What does it mean to ‘hack’ something? A programmer will tell you that hacking is manipulating the normal behavior of connected systems to gain access. In practical effect, it’s the peeling away of layers and the inventive use of new keys.
A hacker is one who looks at a wall that’s too high to climb and too wide to go around, and rolls up their sleeves because they’re going to try something entirely different. A hackathon isolates and amplifies the hacker mindset by gathering multidisciplinary hackers into teams to address a specific challenge within a fixed timeframe. It can be a Petri dish for business experiments, both those you’ve wanted to try but haven’t yet and those you did not see coming.
Imagine if all you had to do was book a room, provide food and pass out many T-shirts. You would beam as a flood of new solutions pumped outward throughout your entire domain. Technical debt and corporate inefficiencies would be blasted away like cobwebs in the divine wind of hacker culture.
It takes a lot more work than that to arrive at the promised land, unfortunately. That fact can be enough to lead corporate innovators to look away from hackathons as a controlled environment to test and improve on everything from roadmaps to new and existing features to inefficient processes.
There is reason to persevere with hackathons, though: they work. Creativity, like electricity, follows the path of least resistance. If you bring small, talented teams to the same start line, sparks do fly. A hackathon is your best shot at a new feature, a cleaner workflow, that fresh view that might just change everything.
Make Hackathons Your Most Reliable Idea Force
The challenge is separation. How do you run a hackathon that sharpens your edge without becoming a bloated garbage can for your marketing budget? Keeping the 3 tips below in mind is a good start.
1. Focus on Measurement and Execution
To make a Hackathon worthwhile, its results need to stick. Bringing talent into the door and setting them up in a sprint situation is a great first step. Successful hackathons keep one eye on the larger prize: the implementation that comes after. Hackathons that function like Petri dishes in a lab setting don’t happen by coincidence. They happen when innovation teams put as much thought into measuring and deploying solutions as they do into shepherding talent to build those solutions in the first place.
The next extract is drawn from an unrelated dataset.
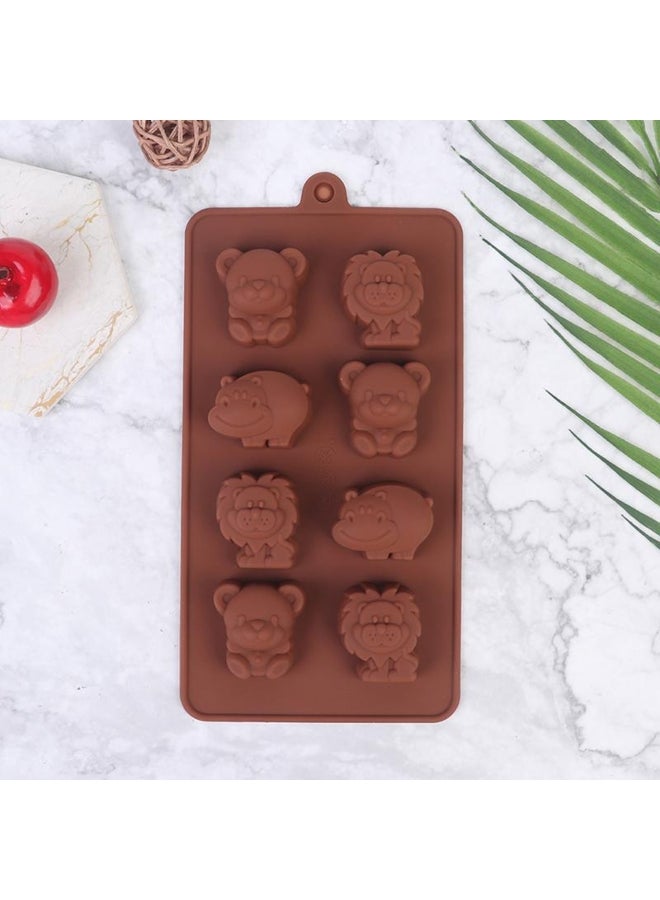 Animal Silicone Mold Hippo Lion Bear Shape Chocolate Soap Cake Diy Kitchenware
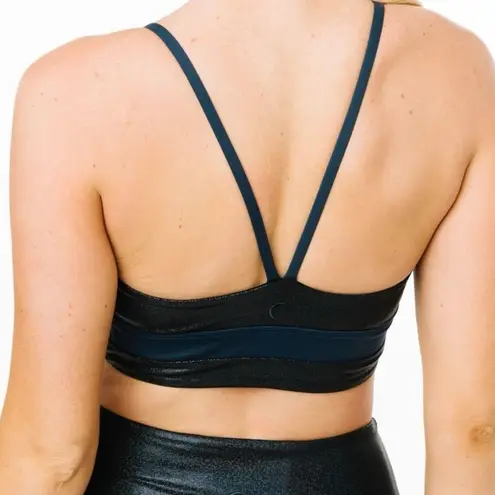 Zyia NWT Women’s Blue Twilight Luxe Sports Bra Size Medium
The outcomes you’re measuring, whether they’re a new feature or a process improvement, need a continuous system of new tracking signals. Corporations like GE and Intel succeed in innovation by demonstrated commitment to experimental and data-driven decisionmaking. Even if your corporation is large does not mean it needs to lumber. Demonstrate just as much agility in measuring these experiments as was displayed in their development.
As your hackers produce new solutions, keep their road clear. Interaction between the execution team and the product team mostly slows both parties down. Be aware of who your engine is, and carefully build a body kit that fully harnesses the power they generate.
2. Your Hackathon is a No-Wall Zone
At any significant scale, companies need vertical hierarchy to function. A hackathon offers a controlled environment in which those traditional channels can come down or be rewired. A hackathon is a unique chance to deploy cause-specific strike teams. Just as the traditional pens and information flows are coming down, the barriers around information hoarding need to come down as well.
Hackathons, when done well, become cultural touchpoints. They’re a chance to orient your employees around new values as pole stars. Instead of a deviation from the norm, the best corporate hackathons are concentrated bursts of everything that makes a company great.
Environments like these, in which employees feel comfortable sharing info and asking questions, are the ones in which the most successful outcomes are realized. Secure corporate backing beforehand, so your mandate to cooperate actually has teeth. You can always have people sign an NDA on an iPad by the door, but you’ll have no idea that you missed a game-changing connection because of provincialism.
3. Keep Marketing In Perspective
Obviously, the biggest component of a Hackathon is the talent. It’s important to get gifted hackers of different backgrounds and disciplines in the same room. But time and again, the thread of a well-executed hackathon starts to fray when innovators start chasing optics.
Say it with us: my company Hackathon is not a marketing exercise. By all means, let your marketing team take pictures and spin out blog content and develop hashtags. They will probably want to hand out T-shirts. But the point of the hackathon is not to make the company look good. If the takeaway from the event is that everything your company is doing is great, you’ve missed the boat entirely.
A good marketing team makes your company look its best. A good hackathon shines a glaring light on what you’re missing or haven’t built yet. Be aware of this diametric opposition, and prioritize the latter. Your aim should be a clearer understanding of your product’s shortcomings, and several new ideas to fix them.
The common thread connecting really good, worthwhile hackathons is a simple one. If your hackathon is an event marked by separation from reality, it won’t bring you much in the way of realistic solutions. It will bring you a spotlight and a marketing boost, but nothing more.
If your hackathon is instead focused on developing experiments and investigating existing products and processes, it will pay for itself many times over. You’ll become better at soliciting solutions, deploying them, measuring their effectiveness, and iterating faster. Tie your hackathons to real business objectives, and you won’t be surprised when they yield real business wins.